### Dataset records
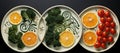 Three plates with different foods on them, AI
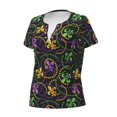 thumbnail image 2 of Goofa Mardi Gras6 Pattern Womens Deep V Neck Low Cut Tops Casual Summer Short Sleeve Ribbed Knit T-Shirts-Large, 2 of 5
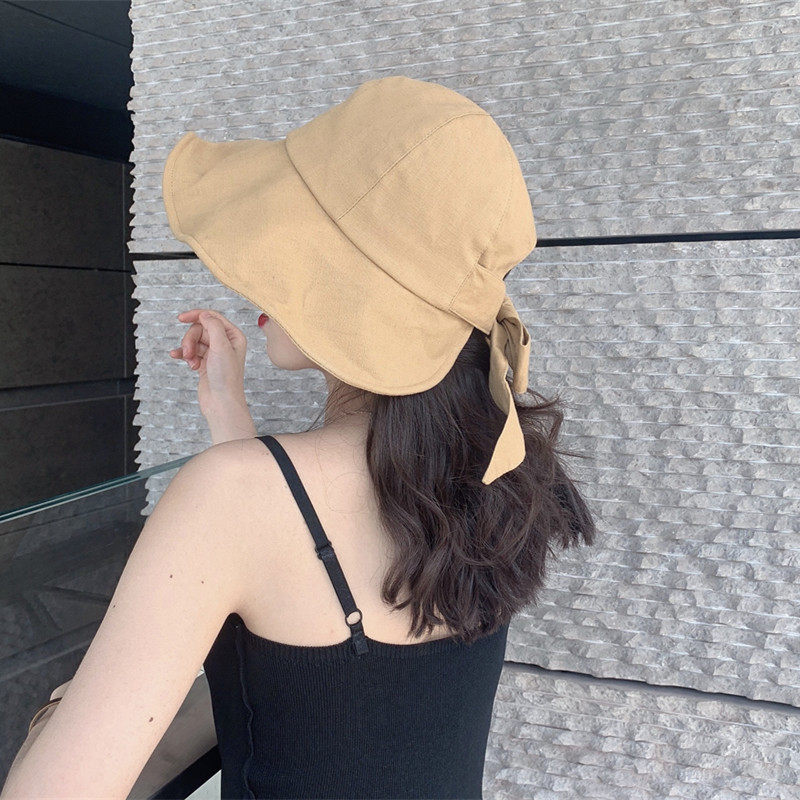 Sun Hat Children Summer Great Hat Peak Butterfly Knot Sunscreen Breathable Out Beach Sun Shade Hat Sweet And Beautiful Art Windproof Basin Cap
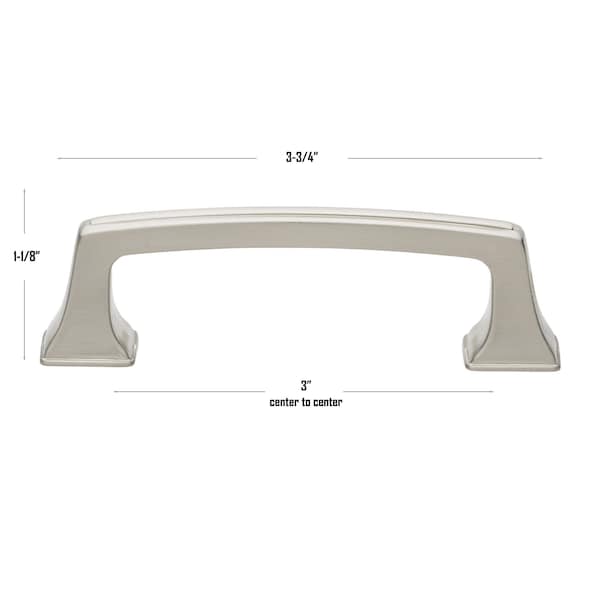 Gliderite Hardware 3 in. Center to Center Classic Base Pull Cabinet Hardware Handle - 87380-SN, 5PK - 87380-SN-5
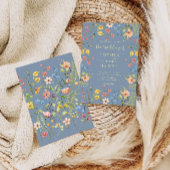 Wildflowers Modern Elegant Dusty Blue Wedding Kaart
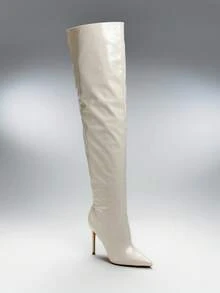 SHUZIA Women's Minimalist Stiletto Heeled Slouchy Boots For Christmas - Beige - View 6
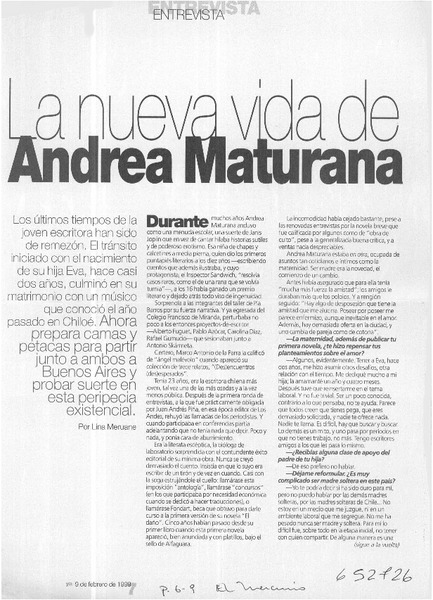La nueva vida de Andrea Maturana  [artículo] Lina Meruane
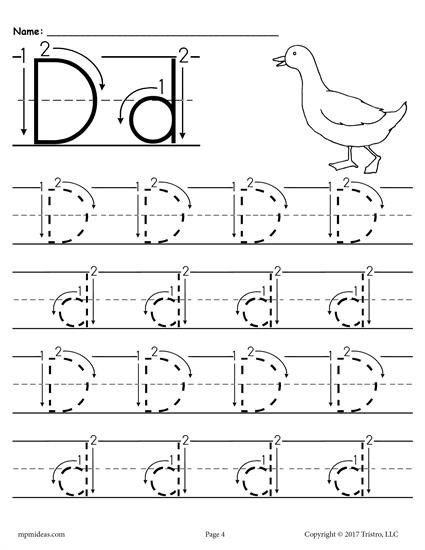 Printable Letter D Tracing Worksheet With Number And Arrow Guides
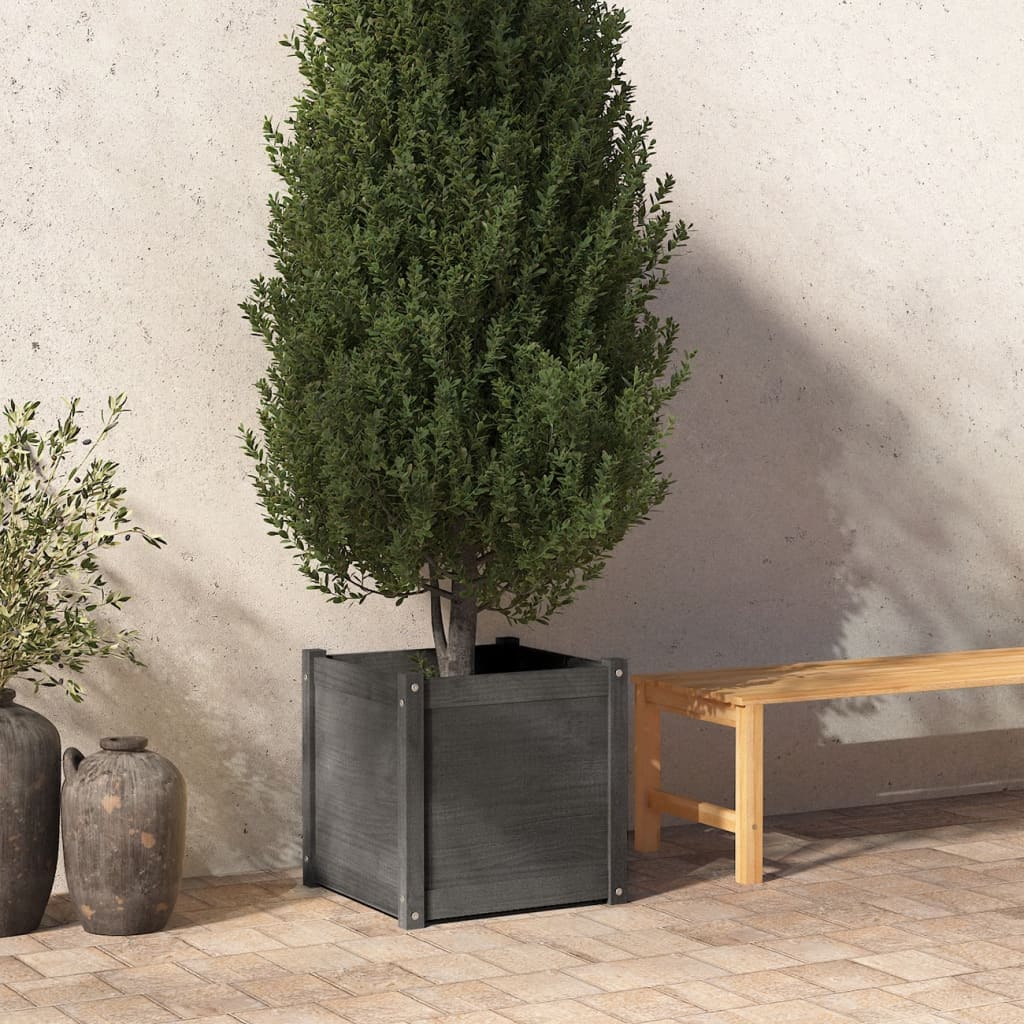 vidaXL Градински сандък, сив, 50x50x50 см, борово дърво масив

### Task goal
Leave out the pictures, then return every line of the data exactly.

### Task response
 Three plates with different foods on them, AI
 thumbnail image 2 of Goofa Mardi Gras6 Pattern Womens Deep V Neck Low Cut Tops Casual Summer Short Sleeve Ribbed Knit T-Shirts-Large, 2 of 5
 Sun Hat Children Summer Great Hat Peak Butterfly Knot Sunscreen Breathable Out Beach Sun Shade Hat Sweet And Beautiful Art Windproof Basin Cap
 Gliderite Hardware 3 in. Center to Center Classic Base Pull Cabinet Hardware Handle - 87380-SN, 5PK - 87380-SN-5
 Wildflowers Modern Elegant Dusty Blue Wedding Kaart
 SHUZIA Women's Minimalist Stiletto Heeled Slouchy Boots For Christmas - Beige - View 6
La nueva vida de Andrea Maturana  [artículo] Lina Meruane
 Printable Letter D Tracing Worksheet With Number And Arrow Guides
 vidaXL Градински сандък, сив, 50x50x50 см, борово дърво масив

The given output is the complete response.